TASK PROMPT:
Among the lines below, output only those between the line holding "Hello guys. Welcome" and the line holding "To slice audio", inclusive, exactly as written and with no pictures.

SOURCE MATERIAL Start Marker

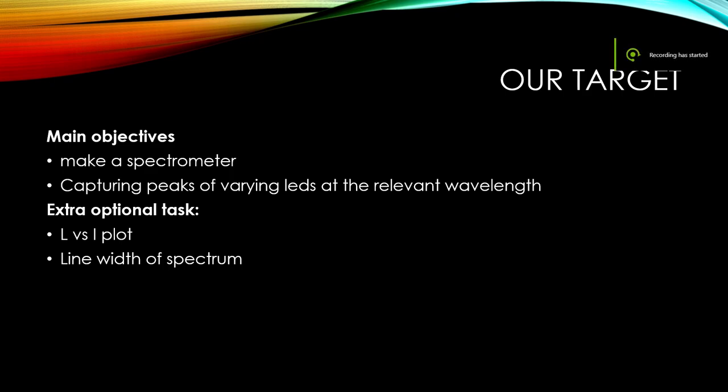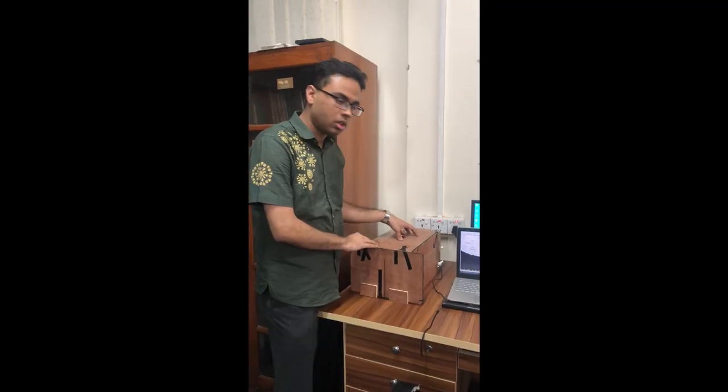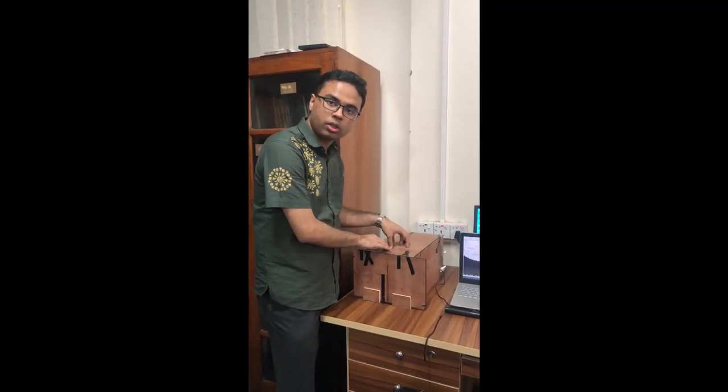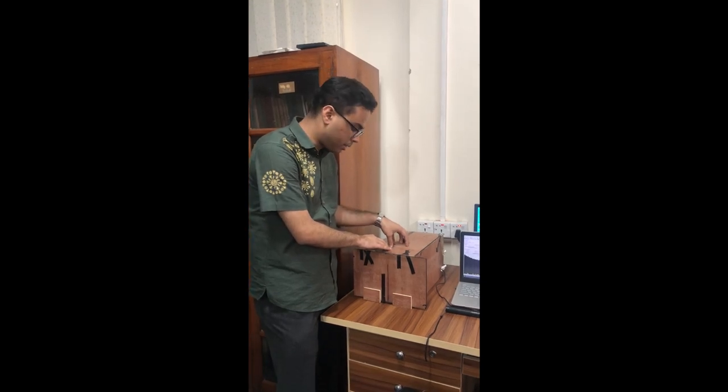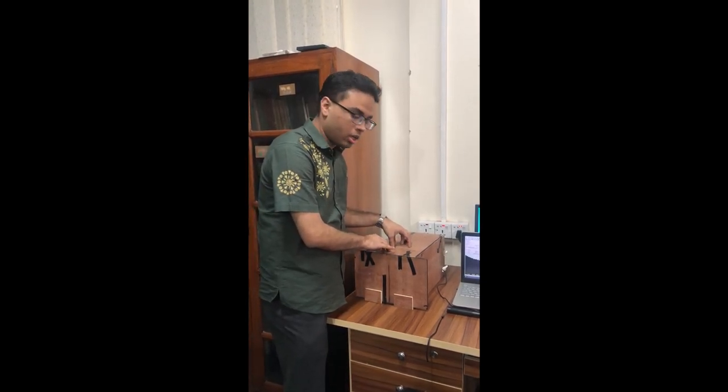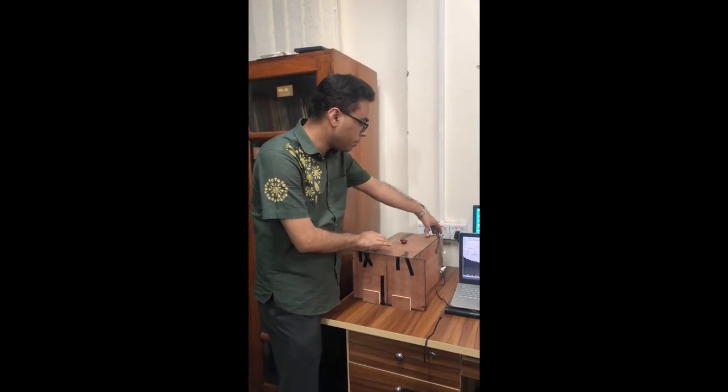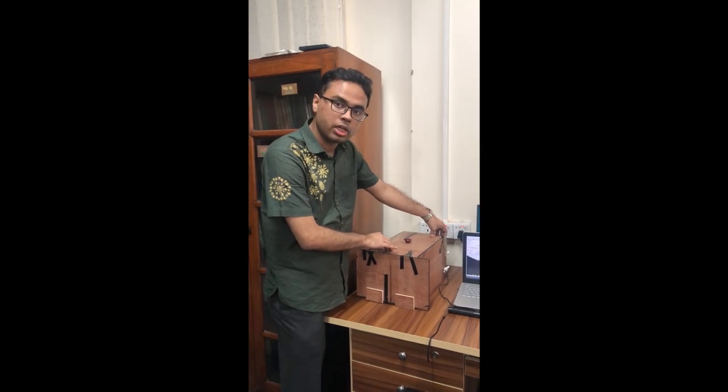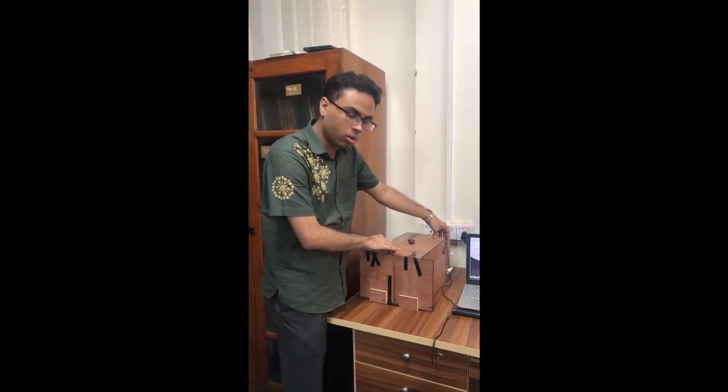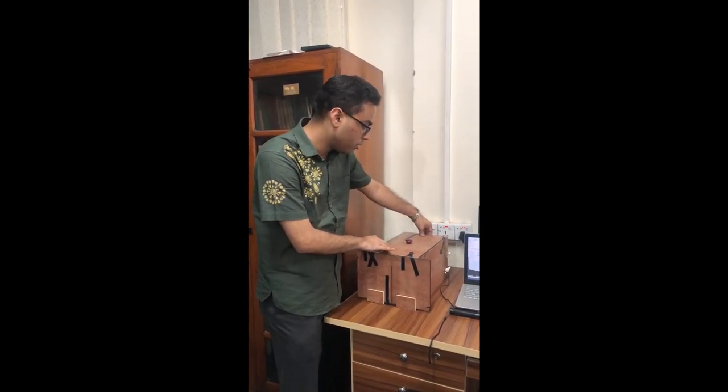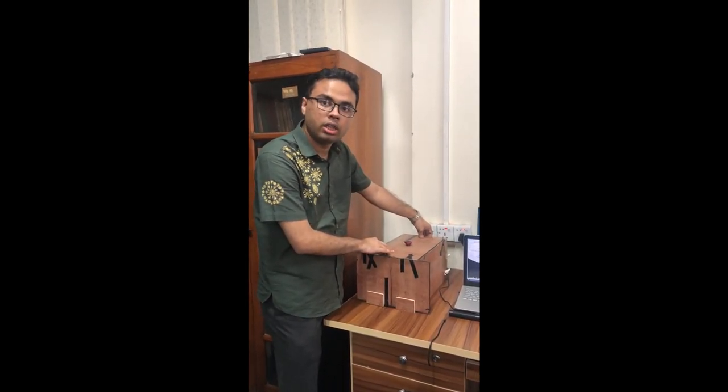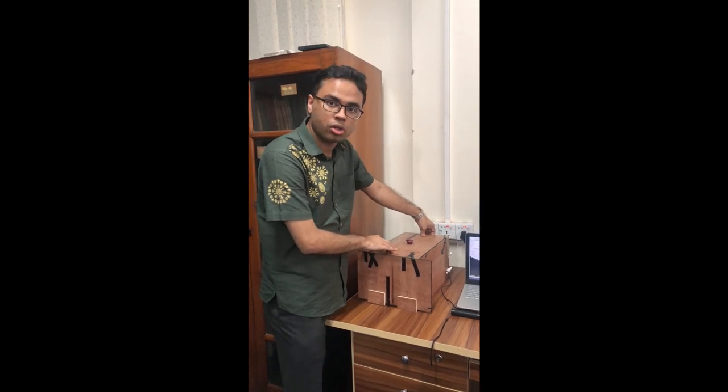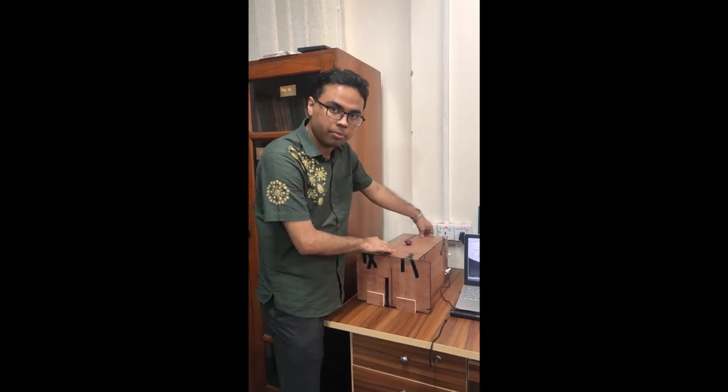Now, in this following video, we will try to demonstrate our optomechatronics project. We have fixed the position of the camera in a rigid way and we have made the structure pretty much rigid so that it will not malfunction in the event of minor shock or vibration.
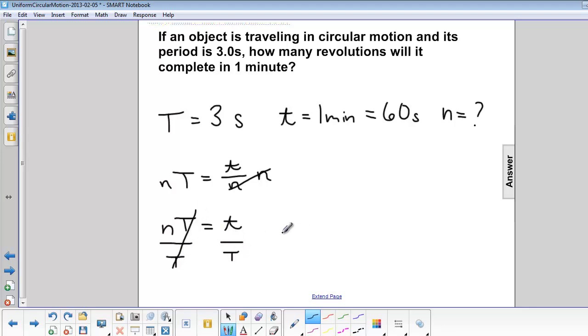Now divide both sides by period, and you have n is equal to time over period.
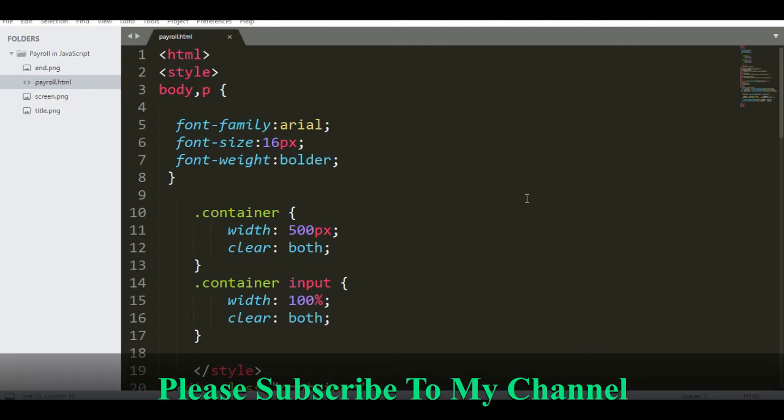Please click the share and subscribe button if you are new to support my channel. Thank you very much.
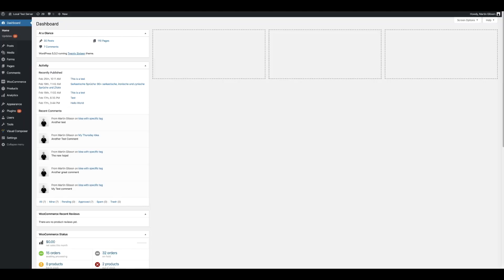Hi, it's Martin here from Northern Beaches Websites. In this video, I want to show you through Custom Admin Interface Pro, the most extensive and advanced method to customise the admin interface of WordPress. I'll show you how to install and activate the plugin, then I'll walk through each module the plugin has to offer.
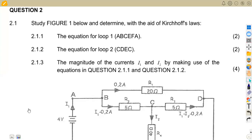Hello guys. Welcome back to Maison African Motives, still on our Industrial Electronics N3, working on our revisions on Kirchhoff's laws.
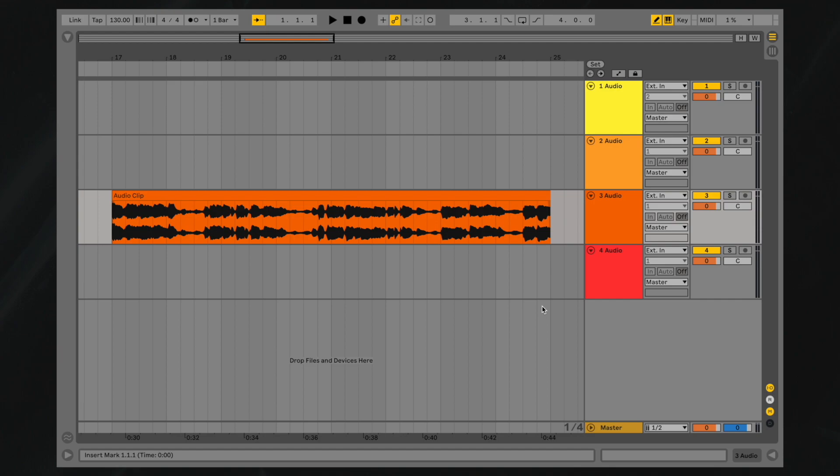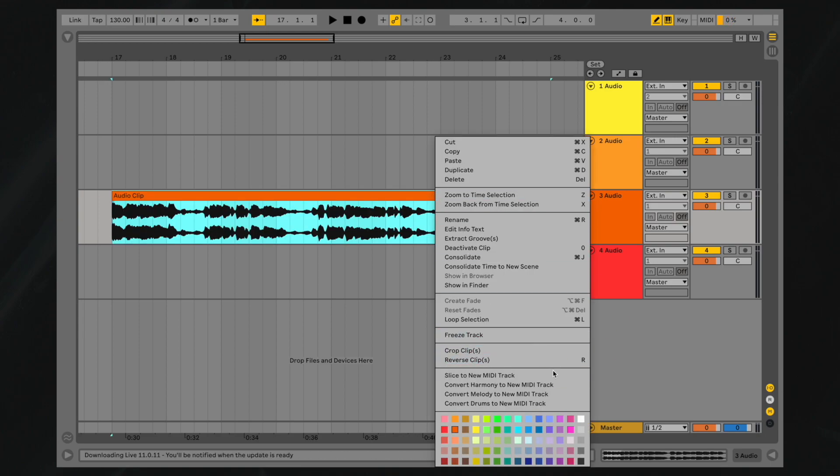To slice audio to MIDI in Ableton Live, right-click on the top part of an audio clip and select Slice to New MIDI Track.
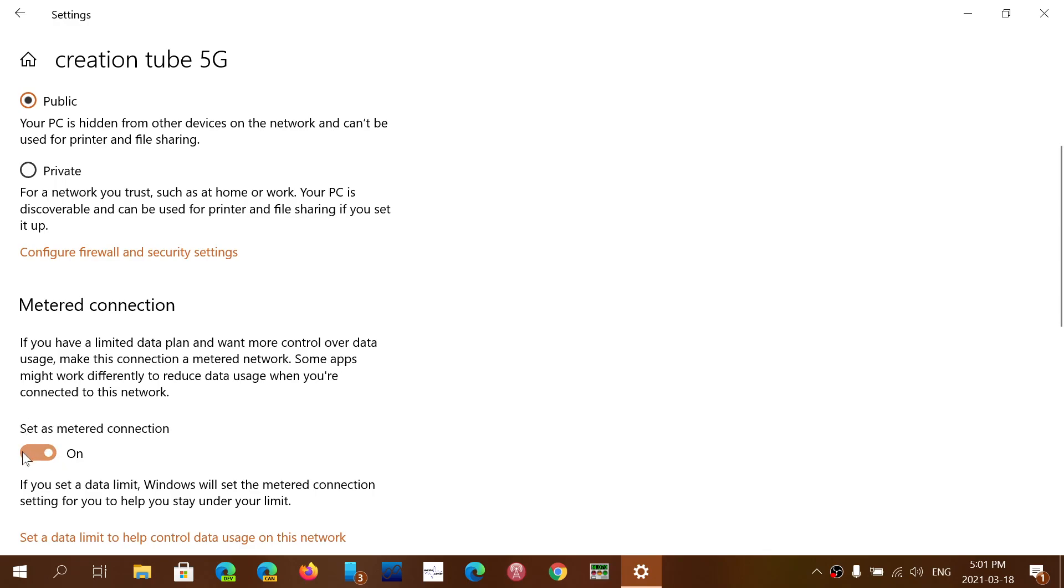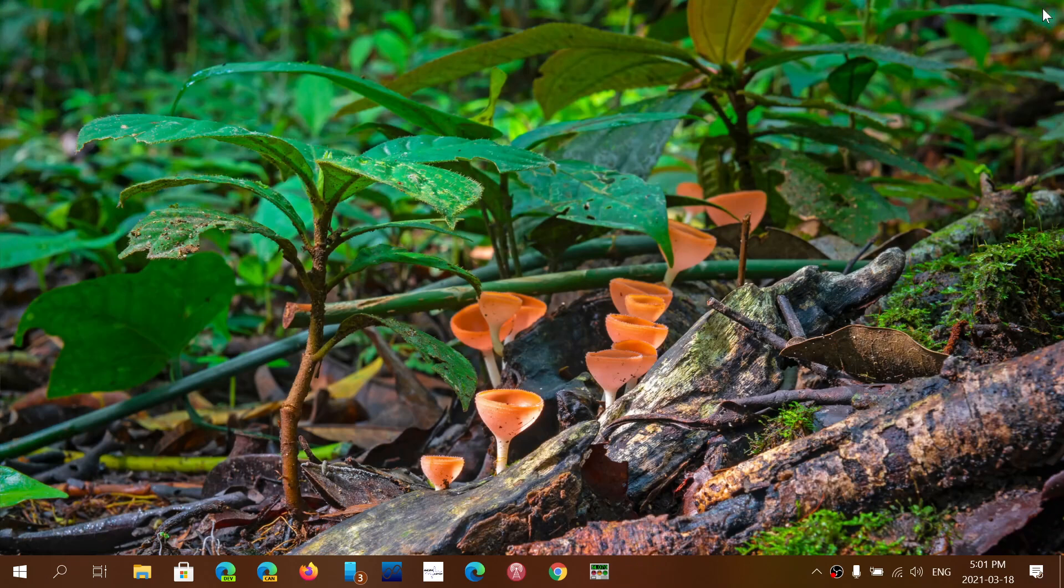So just set as a metered connection and all you'll get is security updates, nothing else.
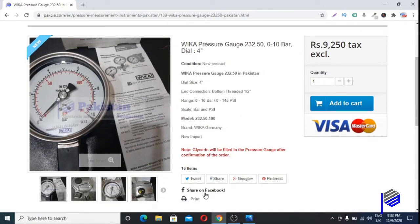The only difference between these two models is the glycerine fill. One model represents a glycerine-filled pressure gauge and the other represents a pressure gauge without glycerine fill. Model 232.50 represents the pressure gauge without glycerine fill, and model 233.50 represents the pressure gauge which is glycerine-filled.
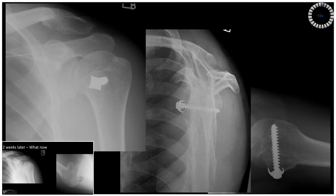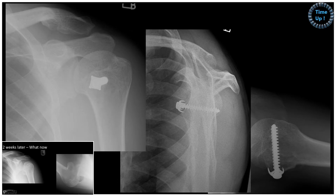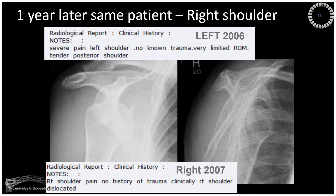In true AO fashion, approach the radiographs with what went well and what could be done better or different next time. The patient presents a year later and wakes with pain in the right shoulder. Note how similar the histories are. What is happening to this patient?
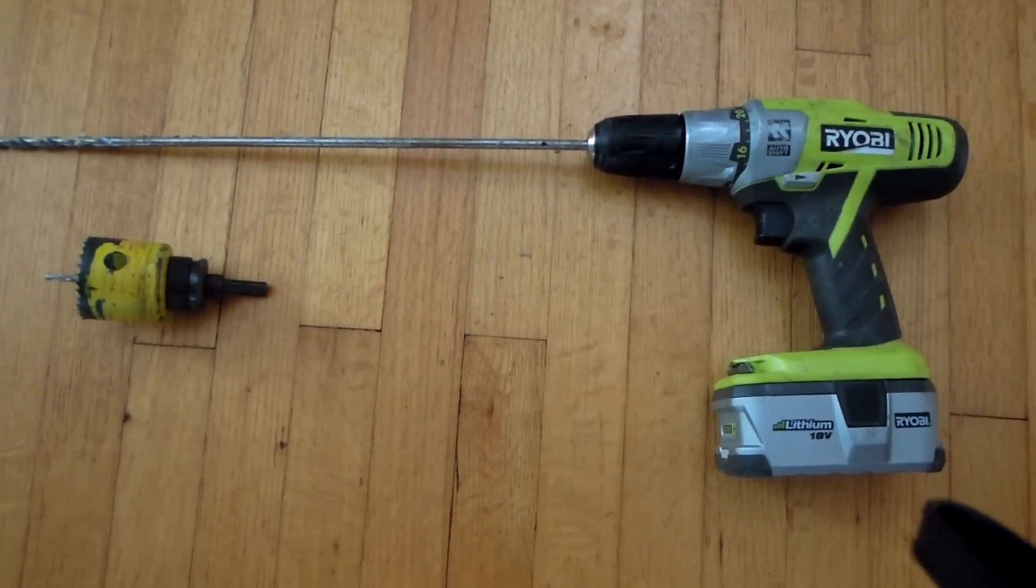So that's where I would mark and drill out to the exterior of the house. Because I know there's no studs from here all the way to there.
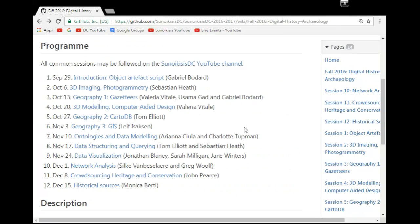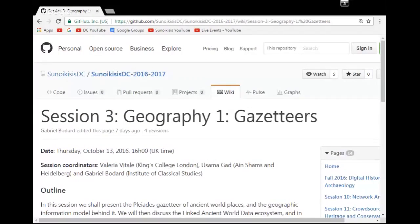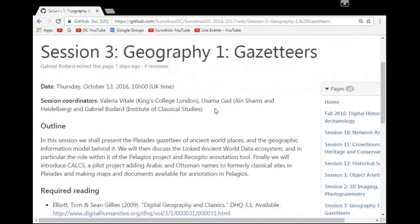Skipping back to week three — the first of three geography sessions — which will be on gazetteers. We'll talk about the Pleiades gazetteer, the Pelagios project, and in particular the Recogito annotation tool. The exercise will relate to a project called CALCS — Cross-Cultural Afterlives of Classical Sites — involving annotating Arabic and Ottoman names on medieval maps in Recogito. Osama Guard will help with the Arabic parts; for those who don't read Arabic, there are plenty of maps in Latin script to annotate.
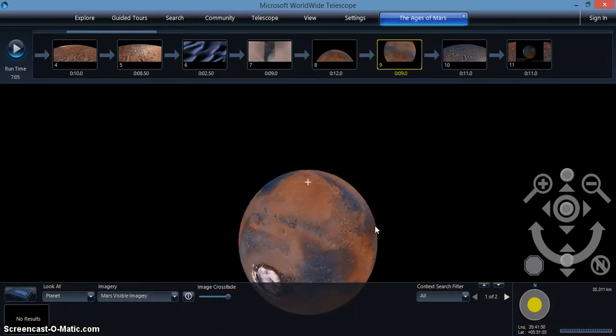Now that you've learned the basics of Worldwide Telescope, feel free to explore on your own. Goodbye!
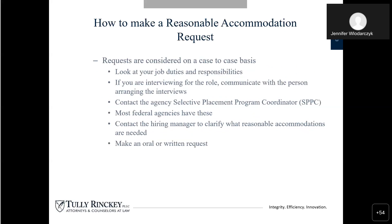How to make that accommodation request: requests are considered on a case-by-case basis, so you have to look at your position description, your job duties, and what you are responsible for within those job duties. If you are interviewing for a role, you want to communicate immediately with the person arranging the interviews, because they are required to provide you with an accommodation that would permit you to go through that interview process as any person who is not disabled would be able to. Contact the agency's selective placement program coordinator — sometimes also called the reasonable accommodation coordinator; almost all federal agencies have them under one name or another. Contact the hiring manager to clarify what reasonable accommodations are needed, and then make an oral or written request for that accommodation. I highly recommend that if you are a disabled person seeking an accommodation, you speak with your doctor to discuss what accommodations are going to be able to get you to doing the position description and duties like a person who's not disabled.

SOURCE MATERIAL End Marker

SOLVED PROBLEM:
Hello guys. Welcome back to Maison African Motives, still on our Industrial Electronics N3, working on our revisions on Kirchhoff's laws.
To slice audio to MIDI in Ableton Live, right-click on the top part of an audio clip and select Slice to New MIDI Track.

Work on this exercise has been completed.